Mais c’est un travail de Sisyphe. « Comme si trop d’élèves avaient atteint un tel néant de connaissances qu’ils ne peuvent rien assimiler de nouveau. »

Les fins sont rarement heureuses.

Une année de plus. Une année de trop. « Je ne pensais pas que cette fin de carrière serait si triste ». Le collège, devenu « ambition / réussite » pour camoufler le fait qu’il n’a pas d’ambition, et guère de réussite, accueille désormais une majorité d’enfants pré-détruits, violents, et vulgaires — de cette vulgarité répétitive née d’un tout petit nombre de monosyllabes inlassablement ânonnés.
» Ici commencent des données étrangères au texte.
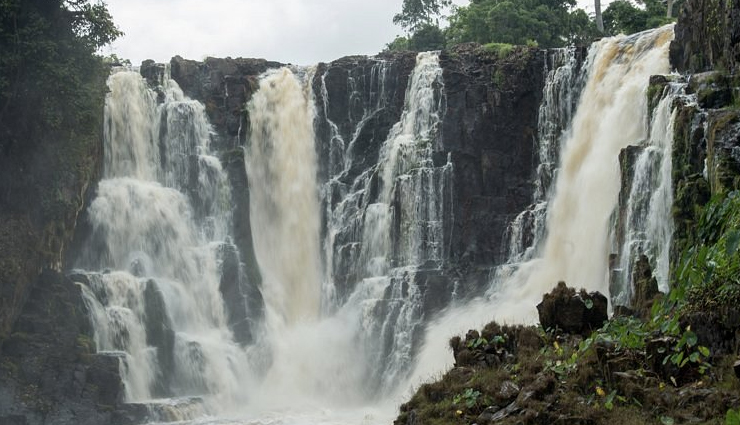 new world heritage sites,world heritage sites,as-salt,ivindo national park,church of atlantida,hima cultural area,kakatiya rudreshwara temple,chinchorro mummies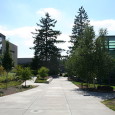Portland Community College adopts hydrogen fuel cell course Oregon’s Portland Community College is to begin offering a new course in the field of renewable energy in April of this year....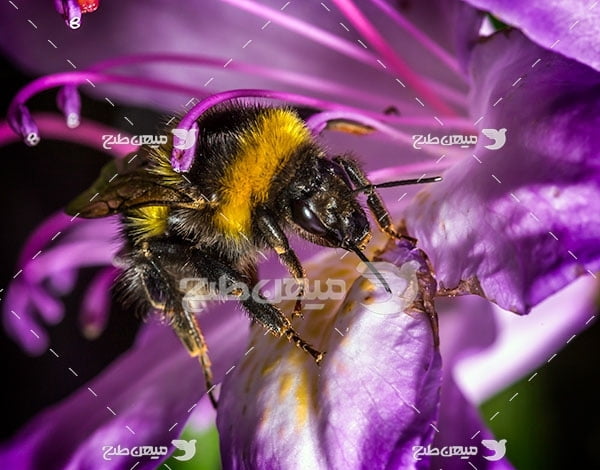 عکس تبلیغاتی زنبور وحشی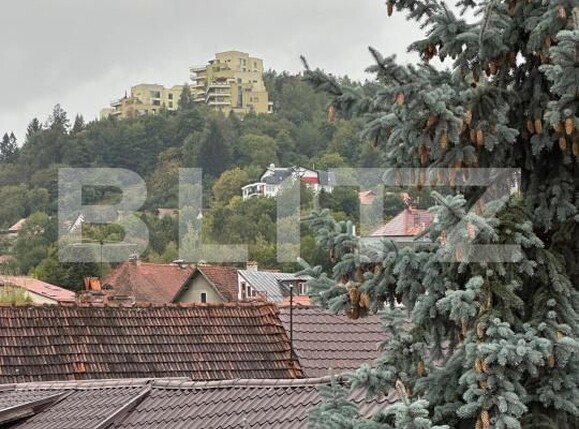 Casa de vânzare 8 camere Central - 160566CV | BLITZ Brașov | Poza7
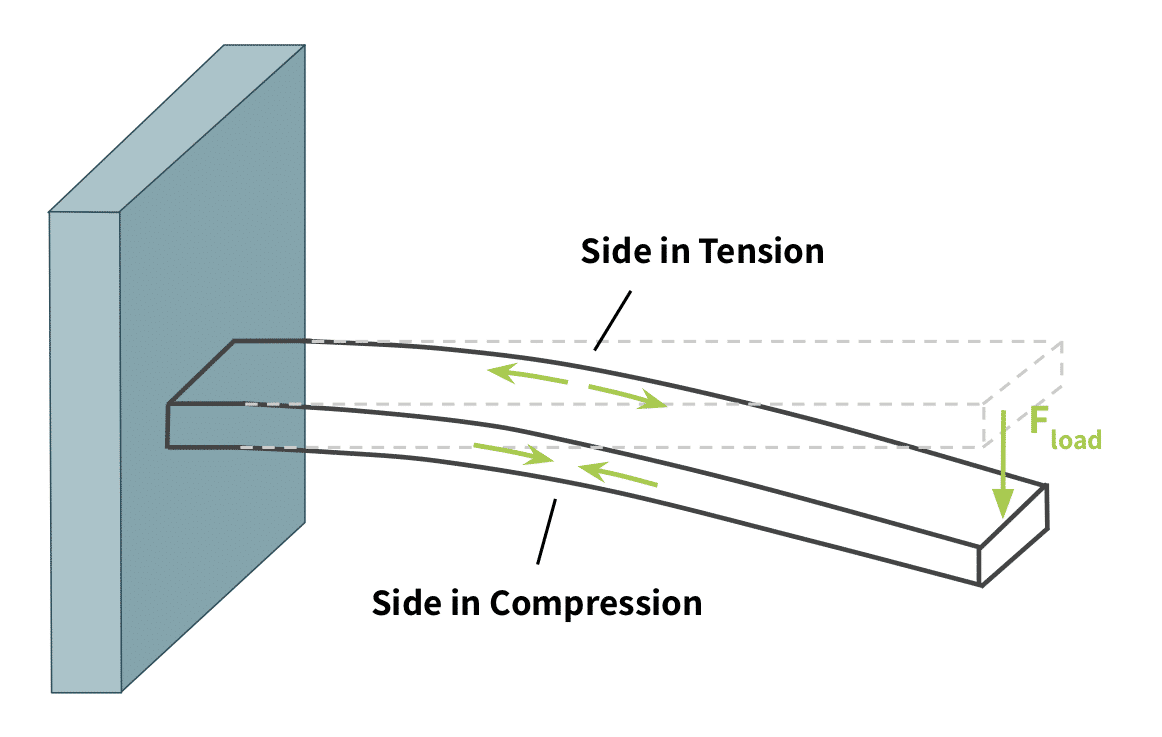 The tension and compression elements at the scale of the body. Both the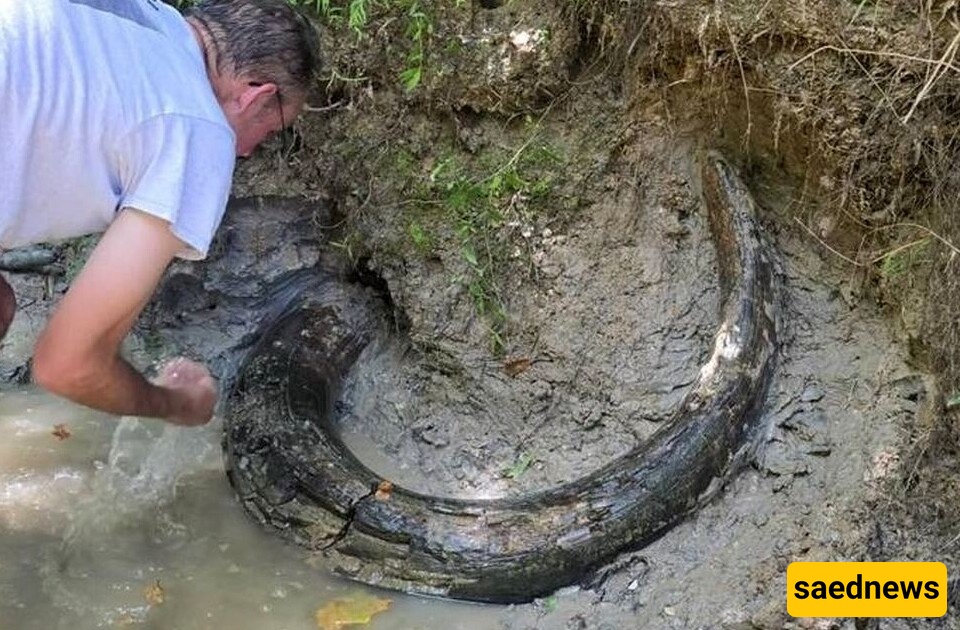 Mysterious Object by the River Turns Out to Be a 10,000-Year-Old Ivory Artifact [Photos]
Le quotidien des profs, désormais, ce sont les rapports rédigés dans l’instant, pour ne pas oublier les termes exacts de l’injure (« vieille pute » ou « sale pute » ?) dont les a gratifiés un enfant auquel on a renoncé à apprendre les rudiments de base de la civilisation — la politesse, le goût du travail, et la patience.

Mais j’aime à penser que tout n’est pas perdu. Qu’après avoir remis partiellement sur les rails les programmes du Primaire, un ministre intelligent s’occupera du Collège (mais une réforme de fond du « collège unique » supprime moins de postes qu’un lifting du lycée, nous le savons tous — et les économies de bouts de chandelles sont devenues la règle, rue de Grenelle). Qu’après Cécile, il y en aura d’autres pour enseigner Homère — et Shakespeare — en banlieue, et ailleurs (5). Quousque tandem abutere, Chatelus (6), patientia nostra ?

Mais j’oubliais que le nouveau ministre, lui, ne connaît pas le latin.

Jean-Paul Brighelli

 

(3) L’un des plus mal payés d’Europe, comme nous l’ont appris quelques statistiques récentes.

(4) http://www.skolo.org/IMG/pdf/APC_Mystification.pdf

(5) Augustin d’Humières et Marion Van Renterghem, Homère et Shakespeare en banlieue, Grasset, octobre 2009.

(6) OU Chatele, pour les puristes qui tiennent au vocatif — plus correct, syntaxiquement, mais moins lisible pour les non latinistes.